DNA fiber assay

The progression of replication forks after cisplatin and/or VE-821 (ATR inhibitor) treatment was evaluated by DNA fiber assays; for this, MCF-7 cells were exposed to a 20-min pulse of 20 µM CldU, followed by co-incubation (60 min) with 200 µM IdU and cisplatin (150 and 300 μM) and/or VE-821 (1 µM). After these incubations, the cells were harvested on ice by mechanical scraping and lysed (0.5% SDS, 200 mM Tris-HCl pH 7.4, and 50 mM EDTA) on a glass slide. The slides were then tilted to allow DNA to spread along the slide. The samples were fixed in methanol–acetic acid (3:1) and washed with 70% ethanol. DNA was incubated with methanol for 5 min, washed with phosphate-buffered saline (PBS), denatured with 2.5 M HCl, and blocked with 5% bovine serum albumin (BSA; Sigma-Aldrich). IdU and CldU were stained at the same time using mouse anti-BrdU antibody (BD Biosciences, Franklin Lakes, NJ, USA) and rat anti-BrdU antibody (Bio-Rad Laboratories, Hercules, CA, USA), respectively, in PBS-T-BSA (0.05% Tween-20, 1% BSA). The slides were then washed with PBS-T followed by anti-mouse Alexa Fluor 594 and anti-rat Alexa Fluor 488 secondary antibodies (Thermo Fisher Scientific, Waltham, MA, USA).
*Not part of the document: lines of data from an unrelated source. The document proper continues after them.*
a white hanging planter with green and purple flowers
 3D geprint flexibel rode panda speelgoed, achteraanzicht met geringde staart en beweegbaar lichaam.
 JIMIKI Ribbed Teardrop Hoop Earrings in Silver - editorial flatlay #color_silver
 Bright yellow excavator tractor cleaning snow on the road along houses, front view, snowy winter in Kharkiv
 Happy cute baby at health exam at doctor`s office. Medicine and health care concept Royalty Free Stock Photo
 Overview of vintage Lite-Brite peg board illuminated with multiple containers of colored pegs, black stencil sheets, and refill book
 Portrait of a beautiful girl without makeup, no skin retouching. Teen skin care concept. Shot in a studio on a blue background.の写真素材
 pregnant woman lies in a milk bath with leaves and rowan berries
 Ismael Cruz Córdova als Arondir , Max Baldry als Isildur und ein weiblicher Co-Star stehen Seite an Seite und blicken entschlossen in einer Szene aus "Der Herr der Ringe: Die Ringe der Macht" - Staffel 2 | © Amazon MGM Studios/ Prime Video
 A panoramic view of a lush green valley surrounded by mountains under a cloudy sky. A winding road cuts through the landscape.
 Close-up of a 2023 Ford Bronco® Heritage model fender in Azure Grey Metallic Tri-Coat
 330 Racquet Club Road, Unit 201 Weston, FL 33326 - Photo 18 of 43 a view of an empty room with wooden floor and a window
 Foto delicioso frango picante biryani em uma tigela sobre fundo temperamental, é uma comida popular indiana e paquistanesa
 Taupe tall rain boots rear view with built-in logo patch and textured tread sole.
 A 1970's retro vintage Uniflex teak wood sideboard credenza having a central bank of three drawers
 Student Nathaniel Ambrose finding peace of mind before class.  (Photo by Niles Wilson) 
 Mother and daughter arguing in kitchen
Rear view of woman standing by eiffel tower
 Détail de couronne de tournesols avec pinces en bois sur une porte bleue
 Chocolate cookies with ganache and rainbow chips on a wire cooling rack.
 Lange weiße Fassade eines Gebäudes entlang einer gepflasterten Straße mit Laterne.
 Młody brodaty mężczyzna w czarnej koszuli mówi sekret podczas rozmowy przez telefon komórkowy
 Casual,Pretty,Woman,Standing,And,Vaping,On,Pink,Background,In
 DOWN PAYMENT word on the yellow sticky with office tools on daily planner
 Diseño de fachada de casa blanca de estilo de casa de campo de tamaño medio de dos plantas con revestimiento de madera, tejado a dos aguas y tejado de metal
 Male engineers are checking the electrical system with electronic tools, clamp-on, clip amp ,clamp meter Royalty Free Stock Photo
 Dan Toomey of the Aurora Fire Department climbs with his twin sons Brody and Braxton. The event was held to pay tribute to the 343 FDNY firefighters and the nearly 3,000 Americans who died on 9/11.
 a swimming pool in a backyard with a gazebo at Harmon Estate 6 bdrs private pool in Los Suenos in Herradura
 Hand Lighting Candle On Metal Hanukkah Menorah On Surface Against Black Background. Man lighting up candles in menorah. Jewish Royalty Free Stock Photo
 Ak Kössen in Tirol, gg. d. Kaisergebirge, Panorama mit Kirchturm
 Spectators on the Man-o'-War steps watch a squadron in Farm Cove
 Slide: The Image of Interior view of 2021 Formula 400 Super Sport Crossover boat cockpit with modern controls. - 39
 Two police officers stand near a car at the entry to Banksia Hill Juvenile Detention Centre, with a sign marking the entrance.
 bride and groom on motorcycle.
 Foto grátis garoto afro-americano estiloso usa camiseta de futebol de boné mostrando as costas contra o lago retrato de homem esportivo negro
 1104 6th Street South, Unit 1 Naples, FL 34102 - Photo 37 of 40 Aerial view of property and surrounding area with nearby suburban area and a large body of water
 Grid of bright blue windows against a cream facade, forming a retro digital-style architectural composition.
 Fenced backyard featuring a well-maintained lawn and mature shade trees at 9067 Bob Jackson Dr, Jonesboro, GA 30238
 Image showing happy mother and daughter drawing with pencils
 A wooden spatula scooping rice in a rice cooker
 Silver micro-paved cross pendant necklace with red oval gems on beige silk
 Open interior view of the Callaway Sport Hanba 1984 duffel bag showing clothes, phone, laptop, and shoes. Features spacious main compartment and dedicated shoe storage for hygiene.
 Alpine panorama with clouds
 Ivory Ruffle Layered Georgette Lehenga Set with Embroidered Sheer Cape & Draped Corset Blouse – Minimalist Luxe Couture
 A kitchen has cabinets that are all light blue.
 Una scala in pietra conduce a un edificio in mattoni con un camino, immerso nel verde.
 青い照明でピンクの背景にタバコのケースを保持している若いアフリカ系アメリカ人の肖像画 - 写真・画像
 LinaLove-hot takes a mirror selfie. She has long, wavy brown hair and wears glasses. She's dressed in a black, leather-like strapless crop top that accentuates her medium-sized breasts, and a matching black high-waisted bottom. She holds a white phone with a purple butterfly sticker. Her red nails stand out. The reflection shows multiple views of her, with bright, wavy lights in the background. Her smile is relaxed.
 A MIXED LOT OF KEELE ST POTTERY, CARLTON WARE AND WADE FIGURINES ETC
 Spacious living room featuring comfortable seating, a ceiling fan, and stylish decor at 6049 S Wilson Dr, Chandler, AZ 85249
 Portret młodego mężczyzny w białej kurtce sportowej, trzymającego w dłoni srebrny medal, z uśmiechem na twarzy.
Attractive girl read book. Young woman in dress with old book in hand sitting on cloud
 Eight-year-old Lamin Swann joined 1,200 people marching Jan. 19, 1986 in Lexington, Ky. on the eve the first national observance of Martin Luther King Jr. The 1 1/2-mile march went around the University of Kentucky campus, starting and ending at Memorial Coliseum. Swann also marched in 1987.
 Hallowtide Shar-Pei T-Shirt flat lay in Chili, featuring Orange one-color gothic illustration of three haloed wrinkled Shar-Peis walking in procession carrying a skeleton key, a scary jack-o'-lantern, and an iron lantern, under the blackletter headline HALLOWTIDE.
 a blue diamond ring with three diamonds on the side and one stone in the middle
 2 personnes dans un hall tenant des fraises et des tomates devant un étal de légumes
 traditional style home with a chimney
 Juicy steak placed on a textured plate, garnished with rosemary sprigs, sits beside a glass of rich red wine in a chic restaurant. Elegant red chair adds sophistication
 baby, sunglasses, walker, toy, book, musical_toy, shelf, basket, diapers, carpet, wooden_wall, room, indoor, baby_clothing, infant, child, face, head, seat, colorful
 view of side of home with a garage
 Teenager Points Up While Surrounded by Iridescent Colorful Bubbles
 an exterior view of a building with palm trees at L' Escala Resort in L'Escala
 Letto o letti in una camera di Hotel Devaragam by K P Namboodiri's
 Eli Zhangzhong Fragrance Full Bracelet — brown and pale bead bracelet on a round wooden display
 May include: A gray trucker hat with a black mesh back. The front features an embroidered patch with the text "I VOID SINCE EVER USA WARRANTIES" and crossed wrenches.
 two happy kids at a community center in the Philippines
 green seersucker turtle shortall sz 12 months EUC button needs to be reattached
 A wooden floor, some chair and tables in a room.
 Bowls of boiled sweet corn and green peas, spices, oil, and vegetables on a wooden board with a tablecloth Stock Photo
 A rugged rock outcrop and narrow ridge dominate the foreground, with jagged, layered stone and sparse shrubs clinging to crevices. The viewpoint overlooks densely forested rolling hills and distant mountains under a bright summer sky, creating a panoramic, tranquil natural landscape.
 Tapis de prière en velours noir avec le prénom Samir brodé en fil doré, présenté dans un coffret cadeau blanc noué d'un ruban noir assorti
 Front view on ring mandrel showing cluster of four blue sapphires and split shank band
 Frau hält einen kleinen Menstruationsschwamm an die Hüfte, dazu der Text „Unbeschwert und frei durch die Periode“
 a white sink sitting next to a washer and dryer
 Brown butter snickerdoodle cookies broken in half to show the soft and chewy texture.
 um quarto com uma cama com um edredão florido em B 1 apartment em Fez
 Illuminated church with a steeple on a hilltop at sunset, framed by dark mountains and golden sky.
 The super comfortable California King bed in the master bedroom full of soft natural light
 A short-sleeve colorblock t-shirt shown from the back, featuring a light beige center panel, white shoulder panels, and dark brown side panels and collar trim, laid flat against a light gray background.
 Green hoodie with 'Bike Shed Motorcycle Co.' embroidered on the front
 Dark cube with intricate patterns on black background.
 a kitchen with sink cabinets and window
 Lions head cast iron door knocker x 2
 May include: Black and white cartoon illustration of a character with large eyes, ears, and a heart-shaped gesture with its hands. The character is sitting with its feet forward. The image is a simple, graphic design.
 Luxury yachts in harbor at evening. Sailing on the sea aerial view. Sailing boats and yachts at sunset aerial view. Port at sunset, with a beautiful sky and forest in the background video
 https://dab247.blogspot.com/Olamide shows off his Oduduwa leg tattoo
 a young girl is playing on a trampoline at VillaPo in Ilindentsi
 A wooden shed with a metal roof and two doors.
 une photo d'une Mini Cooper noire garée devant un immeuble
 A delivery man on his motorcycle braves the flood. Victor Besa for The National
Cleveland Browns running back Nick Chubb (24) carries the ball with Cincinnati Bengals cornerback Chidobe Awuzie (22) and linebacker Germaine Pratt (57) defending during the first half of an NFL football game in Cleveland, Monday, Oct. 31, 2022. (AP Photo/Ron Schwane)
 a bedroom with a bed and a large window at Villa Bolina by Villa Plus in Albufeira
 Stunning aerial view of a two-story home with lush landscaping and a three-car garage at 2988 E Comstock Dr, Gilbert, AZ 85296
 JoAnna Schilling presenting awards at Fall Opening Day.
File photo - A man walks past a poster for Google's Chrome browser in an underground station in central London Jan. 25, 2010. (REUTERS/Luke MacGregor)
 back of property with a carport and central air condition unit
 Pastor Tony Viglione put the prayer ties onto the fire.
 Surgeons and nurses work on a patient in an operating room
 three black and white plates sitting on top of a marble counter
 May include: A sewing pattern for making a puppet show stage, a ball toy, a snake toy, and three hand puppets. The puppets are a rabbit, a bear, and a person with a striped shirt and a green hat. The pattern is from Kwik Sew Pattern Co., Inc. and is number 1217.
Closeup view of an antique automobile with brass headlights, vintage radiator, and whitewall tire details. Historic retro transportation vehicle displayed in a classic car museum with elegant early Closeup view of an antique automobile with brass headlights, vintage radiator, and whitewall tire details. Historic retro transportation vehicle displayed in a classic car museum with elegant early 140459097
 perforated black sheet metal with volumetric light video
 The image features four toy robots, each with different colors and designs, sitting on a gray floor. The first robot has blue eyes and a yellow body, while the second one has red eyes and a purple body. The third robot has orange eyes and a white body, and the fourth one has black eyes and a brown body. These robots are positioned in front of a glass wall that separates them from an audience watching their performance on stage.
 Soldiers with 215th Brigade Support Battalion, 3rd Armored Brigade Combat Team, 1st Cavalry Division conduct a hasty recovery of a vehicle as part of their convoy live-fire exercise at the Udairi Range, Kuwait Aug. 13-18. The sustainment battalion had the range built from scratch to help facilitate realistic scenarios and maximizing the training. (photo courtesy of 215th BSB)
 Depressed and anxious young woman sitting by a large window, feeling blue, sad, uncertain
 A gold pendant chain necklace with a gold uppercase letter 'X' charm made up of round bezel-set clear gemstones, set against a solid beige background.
The slides were mounted using Fluoroshield (Sigma-Aldrich), and DNA fibers were imaged by a fluorescent microscope (Axiovert 200, Zeiss, Oberkochen, Germany) at a magnification of ×1000. Analyses were performed using the Zeiss LSM Browser Software. All experiments were performed at least twice, and a minimum of 150 fibers was counted for each slide.